Born in an engineer’s house in Kanpur, I had the privilege of spending my childhood in a lush, green, colonised neighbourhood. This was a secluded officers’ colony in the middle of the town — very few are even aware of it being there. I had a weird set of friends, a few kids from the rural families who have been staying in their mud houses within the perimeter, before the area was colonised. We used to spend a great deal of time sitting on the branches of trees, playing with cattle, flying kites, and most importantly, working on many creative projects.

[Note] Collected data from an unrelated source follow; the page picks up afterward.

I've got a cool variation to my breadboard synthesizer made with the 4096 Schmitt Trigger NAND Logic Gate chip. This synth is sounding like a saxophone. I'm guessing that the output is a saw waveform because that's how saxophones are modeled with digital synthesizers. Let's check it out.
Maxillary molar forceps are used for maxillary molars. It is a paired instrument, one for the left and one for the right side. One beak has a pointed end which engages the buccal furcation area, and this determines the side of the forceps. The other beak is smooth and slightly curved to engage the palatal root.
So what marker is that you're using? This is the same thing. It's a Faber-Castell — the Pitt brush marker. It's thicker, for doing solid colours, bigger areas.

We were just a bunch of eight-year-olds who began making a bamboo effigy of the mythical figure Ravana, for the Dussehra festival. In north India, during this festival, huge effigies of Ravana are made by teams of professional bamboo craftsmen, which are then set on fire to demonstrate the win of good over evil. We used to go and watch them work and come back to my backyard to implement the day's learning. No one was even aware until the model was up for display on a festive day. It was just eight feet tall and we were four. For the next three years, we did the same, but the height of the model reached up to thirty feet — we eventually had to call grownups to help us assemble the parts.
This is how I spent time at home and the school that I never wanted to attend. There only two things garnered my attention: team sports and the art room. I have represented my school many times in various art competitions, and was fortunate to be recognised as the creative of the year for three consecutive years.

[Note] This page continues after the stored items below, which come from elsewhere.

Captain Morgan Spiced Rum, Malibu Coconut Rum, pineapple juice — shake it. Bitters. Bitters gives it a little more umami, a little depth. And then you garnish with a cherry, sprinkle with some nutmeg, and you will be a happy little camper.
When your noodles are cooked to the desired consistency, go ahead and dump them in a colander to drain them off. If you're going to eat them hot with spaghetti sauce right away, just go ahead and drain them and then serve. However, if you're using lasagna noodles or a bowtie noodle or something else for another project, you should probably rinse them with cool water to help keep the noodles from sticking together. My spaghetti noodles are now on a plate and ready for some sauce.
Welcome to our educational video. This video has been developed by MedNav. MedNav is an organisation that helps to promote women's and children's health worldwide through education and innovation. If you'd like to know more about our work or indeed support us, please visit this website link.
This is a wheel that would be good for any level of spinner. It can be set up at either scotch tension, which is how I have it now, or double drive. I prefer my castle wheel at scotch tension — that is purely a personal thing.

Having worked at multiple places, for more than five years, I was still looking for contentment in regard to positive fashion. It felt like a vicious circle of making and selling products. Through a friend, I got a chance to meet an investor and that was it. I took the leap, but little did I know that the destination was farther away than I could have ever imagined. Once again, the same feeling of making and selling struck me. Upon realising that I need to be part of the solution, the road was unidirectional. I quit all that I was doing so far, pressed the reset button, and started preparing myself mentally and physically to take on the challenge.
In the process, I devoted myself to focused research on sustainable fashion and was amazed to see the various initiatives worldwide. With time, the perception grew and I began putting together a roadmap for a conscious world of fashion. It took a couple of years, but the vision finally came — ‘DRESS TO REFORM’ and Dhātu Design Studio was born.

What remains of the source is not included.